Anders Breivik
Anders Behring Breivik is serving 21-year sentence for killing 77 people. Reuters

The father of Norwegian mass murderer Anders Behring Breivik says he fears his son has grown more radicalised and possibly more dangerous while in prison.

Earlier this week, Breivik refused his father Jens a visit to the prison where he is serving a 21-year sentence for killing 77 people, writing in a letter that he was not welcome unless he embraced fascism.

"The letter scared me," Jens Breivik told reporters in Oslo at the launch of his book Min Skyld? En Fars Historie (which translates to 'My Fault? A Father's Story').

"I think he's just becoming more and more extreme. Maybe he's becoming more dangerous, too. I don't know," said Jen Breivik.
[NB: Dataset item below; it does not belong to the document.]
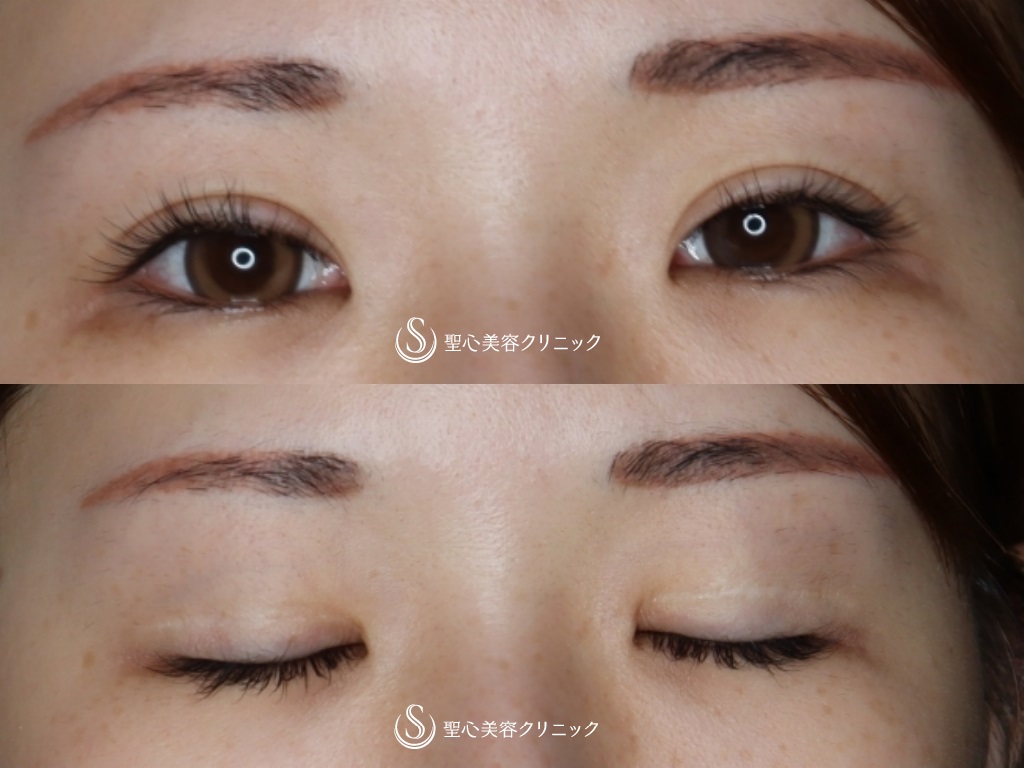 【20代女性・ハム目解消】睫毛上皮膚切除 Before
In the letter, reproduced in the book, the right-wing extremist urges his father to "reject his social democratic ideology" and join the Norwegian fascist movement instead.

Breivik grew up with his mother in Oslo as, when he was four, his father lost a custody battle.

The two used to meet up to four times a year but, after Breivik turned 16, their contacts ended, something Jens says he regrets.

"I could have influenced him in a positive direction. But it didn't happen," he said. "If I had had more contact with him. If I had been a better father, then maybe he would have been a different person today."

A right-wing fanatic wanting to rid Europe of Muslims, on 22 July, 2011, Breivik set off a bomb that killed eight people in Oslo, before going on a shooting rampage that left another 69 dead on the Island of Utoya, where a youth camp run by the centre-left Labour party was being held.

Breivik's attacks were so horrific that many assumed he was insane
Helicopter footage reveals gunman Anders Behring Breivik prowling the edge of Utoya island, near Oslo. Breivik's terror attacks were some of the worst mass killings in Norway's history. The attacks were so horrific that many assumed he was insane Reuters

The incident was one of the worst terrorist attacks in Europe since the Second World War.

His father, who works as a diplomat in France, says that there was nothing in Breivik's childhood that would have suggested he could one day turn into a mass murderer.

"It's completely unfathomable to me that my own son would have done such a thing. I will never understand it," he said.

"I think a lot about those who lost their lives and those who were injured," he added. "I wish I could ask for forgiveness on Anders' behalf."

Earlier this year, Breivik claimed his "heart cries" for his victims, in one of a series of letters he sent to media organisations.

In the letters Breivik says he no longer believes in armed action as a means to stir Norway towards fascism, claiming he has regained trust in democracy in the wake of the political success of Greek neo-Nazi party Golden Dawn.

"As an ex-militant, my heart cries for the barbarity that I carried out," he wrote in August 2014. "But mostly I'm sorry that barbarity is useful in the struggle for democracy."

However he says he would be ready to apologise to the families of his victims only if the "political exclusion" of fascists in Norway ends.